Recharge nocturne, utilisation pendant la charge, mauvais chargeur ou absence de surveillance : ces comportements concernent une large part de la population.
Le principal enjeu semble donc moins être de faire connaître l’existence des batteries lithium-ion que d’améliorer les réflexes au moment de les charger, de les utiliser et de s’en débarrasser.
Questions fréquentes
Combien d’appareils à batterie lithium-ion possède un foyer français ?

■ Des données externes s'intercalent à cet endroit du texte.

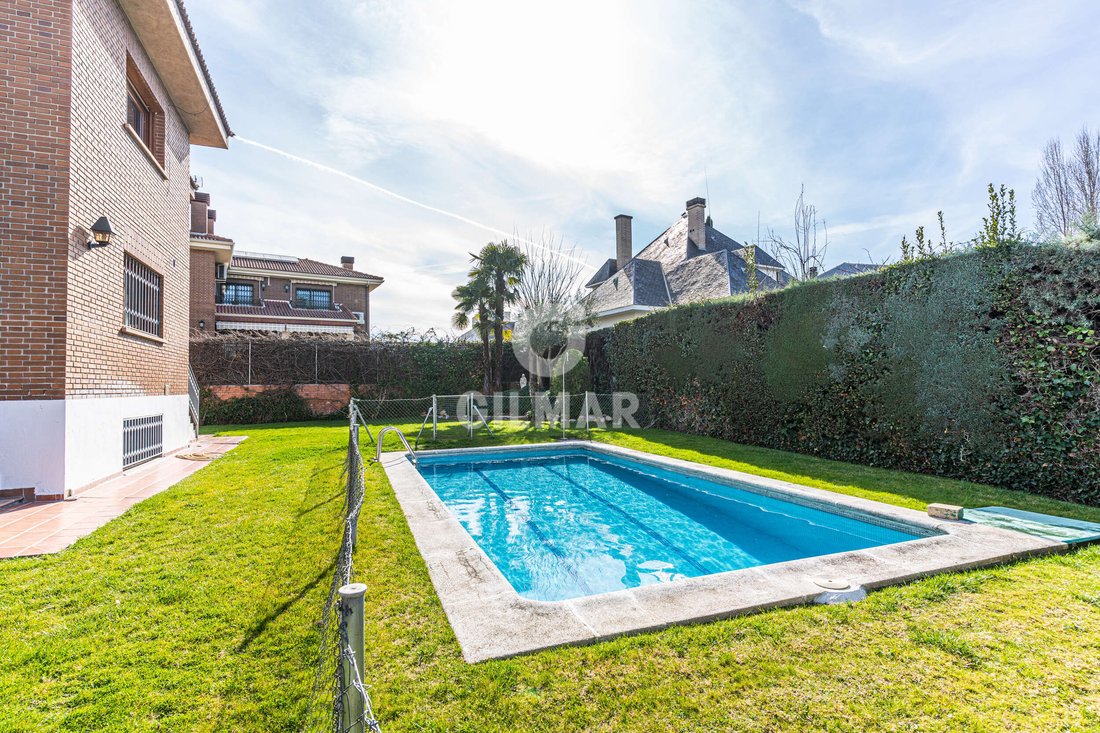 Villa in Pozuelo de Alarcon, Comunidad de Madrid, Spain 3 - 17302519
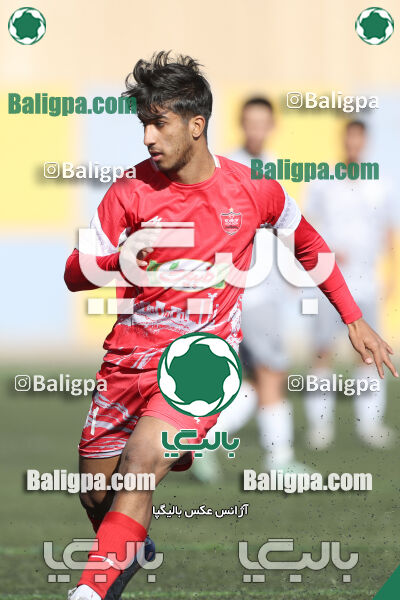 نیروی زمینی 0–1 پرسپولیس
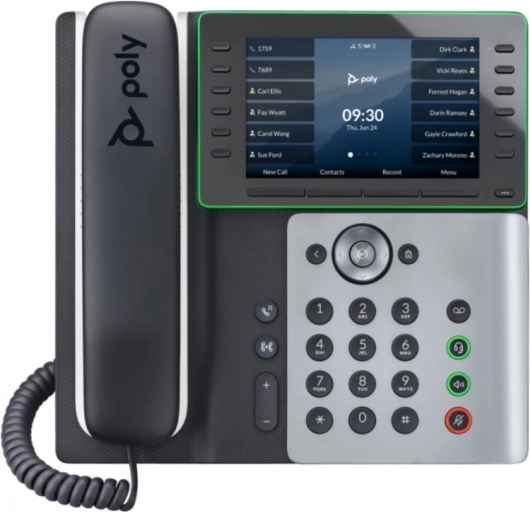 IP-telefoon Poly Edge E500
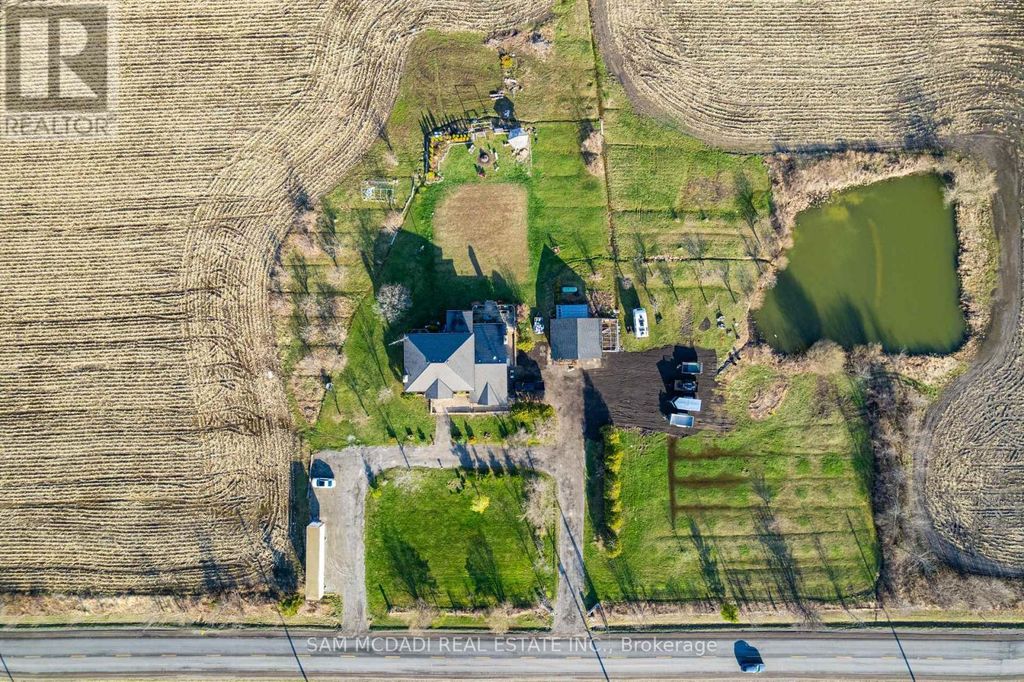 225 Park Road S, Grimsby (grimsby Escarpment)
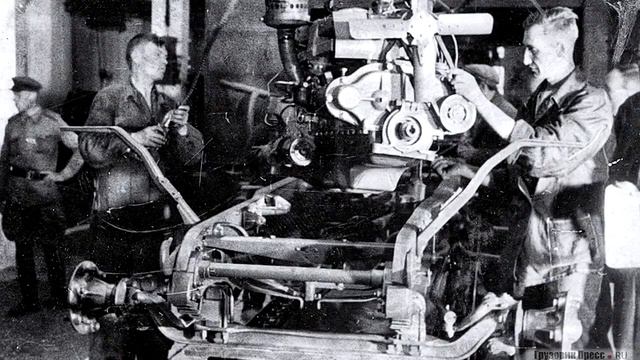 Завод ГАЗ - экономическая МОЩЬ Советского Союза в годы Великой Отечественной смотреть онлайн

Les Français déclarent posséder en moyenne 13,2 appareils équipés d’une batterie lithium-ion.
Quelle part des Français adopte des comportements à risque ?
91 % déclarent réaliser fréquemment au moins une pratique identifiée comme risquée dans l’étude.
Les Français connaissent-ils bien les risques des batteries ?
Le niveau de connaissance moyen est évalué à 4,6 sur 10 et 64 % des répondants se disent mal informés sur les risques.
Combien de Français ont déjà connu un incident ?
12 % déclarent avoir déjà vécu un incident avec un appareil équipé d’une batterie lithium-ion.
Quel appareil est le plus souvent impliqué dans les incidents ?
Le téléphone portable arrive en tête, cité dans 37 % des incidents rapportés.
Où jeter une batterie lithium-ion usagée ?
L’étude montre que le point de collecte est la solution la plus utilisée, devant la déchetterie et la recyclerie. Les batteries ne doivent pas être jetées avec les ordures ménagères ou dans une poubelle de recyclage classique.
À propos de l’étude
Les données présentées sont issues du Sondage OpinionWay pour Assurance Prévention consacré aux Français et aux batteries lithium-ion.
L’enquête a été réalisée auprès de 1 000 personnes représentatives de la population française âgée de 15 ans et plus, interrogées en ligne du 3 au 20 avril 2026. Le rapport a été publié le 28 mai 2026.